Quickstart tutorial

Sarus provides a privacy-first proxy between sensitive data and data consumers so that Analytics and AI projects can start on day 1. Data Analysts and Scientists work on the real unaltered data without directly seeing it. Data is safe and insights are powerful.

As a Data Owner/Admin, you can use the Sarus UI or the admin API to list your sensitive datasets on your Sarus instance and make them available for Data Practitioners to carry out BI analyses or AI with privacy guarantees, thanks to privacy policies templates enforceable in a few clicks.

As a Data Practitioner (Scientist, Analyst…), you can use the Sarus Learning API, the python SDK or the BI connector to leverage the datasets made available to you by the Data Owner/Admin. Use your usual data & ML tools to explore sensitive data, carry out analyses, or build your models, in a seamless way.

In this tutorial you will see how to:

As a Data Owner/Admin:

Sign-up/Login to your Sarus instance
Invite users
Add a dataset to your Sarus instance
Select who can query your dataset and with which privacy policy

As a Data Practitioner:

Connect to your Sarus instance and see available datasets
Submit SQL queries onto remote datasets
Preprocess and train a ML model onto remote datasets

Part 1: How to prepare a dataset as a Data Owner or Admin

Sign up / Login

If you don’t have an account yet (and you’re not a Sarus app Admin), create one using one of the following methods:

Using the invitation link shared by an admin: Visit the link; you’ll see a prefilled single-use token. Just enter your information and validate sign-up. It will create your account and let you in.

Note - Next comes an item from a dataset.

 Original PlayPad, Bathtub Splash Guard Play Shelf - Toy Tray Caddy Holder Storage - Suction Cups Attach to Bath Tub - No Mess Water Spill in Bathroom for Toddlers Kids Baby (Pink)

Using a token: If you were given a Sarus token to create your account, click “Sign up”, enter your information and the single-use token that you received. It will create your account and let you in.

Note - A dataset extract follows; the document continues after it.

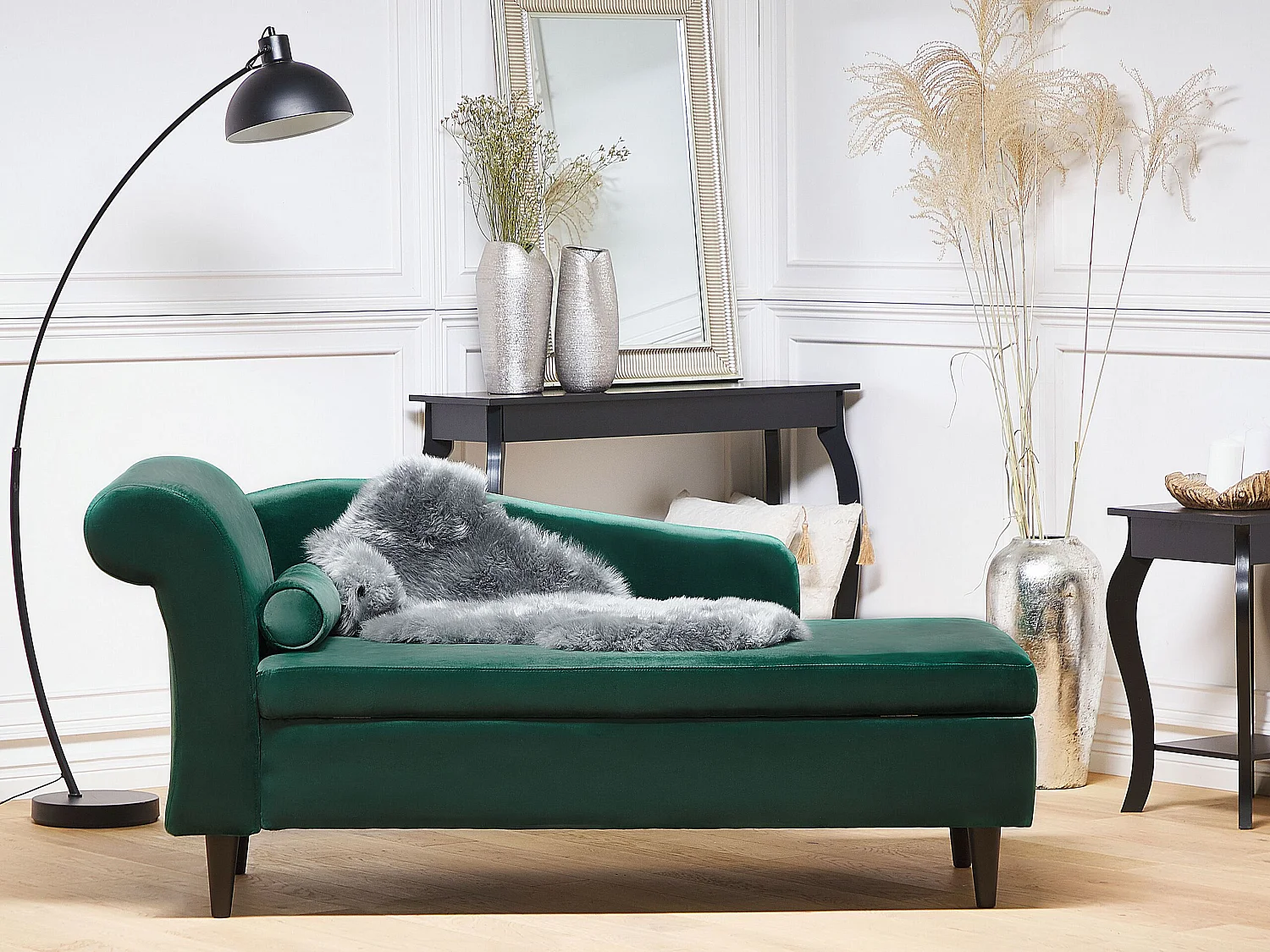 Chaise longue côté gauche LUIRO Velours Vert émeraude avec rangement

Using your Google account: If the instance supports signing up with Google accounts, click “Sign up with Google” and follow the instructions.

Using your email address: Fill in your email address and password. It will create your account and let you in.

If you’re the Sarus app Admin and login for the first time after Sarus installation, go to your Sarus instance’s UI login page and use the credentials specified in the .env file.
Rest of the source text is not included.